_MATERIAL PROVIDED:_
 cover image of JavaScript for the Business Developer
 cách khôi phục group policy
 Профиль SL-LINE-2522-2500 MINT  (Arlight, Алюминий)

_REQUIRED ACTION:_ The material above should be retyped in full, exactly as given.

_RESULT OF THE EXERCISE:_
 cover image of JavaScript for the Business Developer
 cách khôi phục group policy
 Профиль SL-LINE-2522-2500 MINT  (Arlight, Алюминий)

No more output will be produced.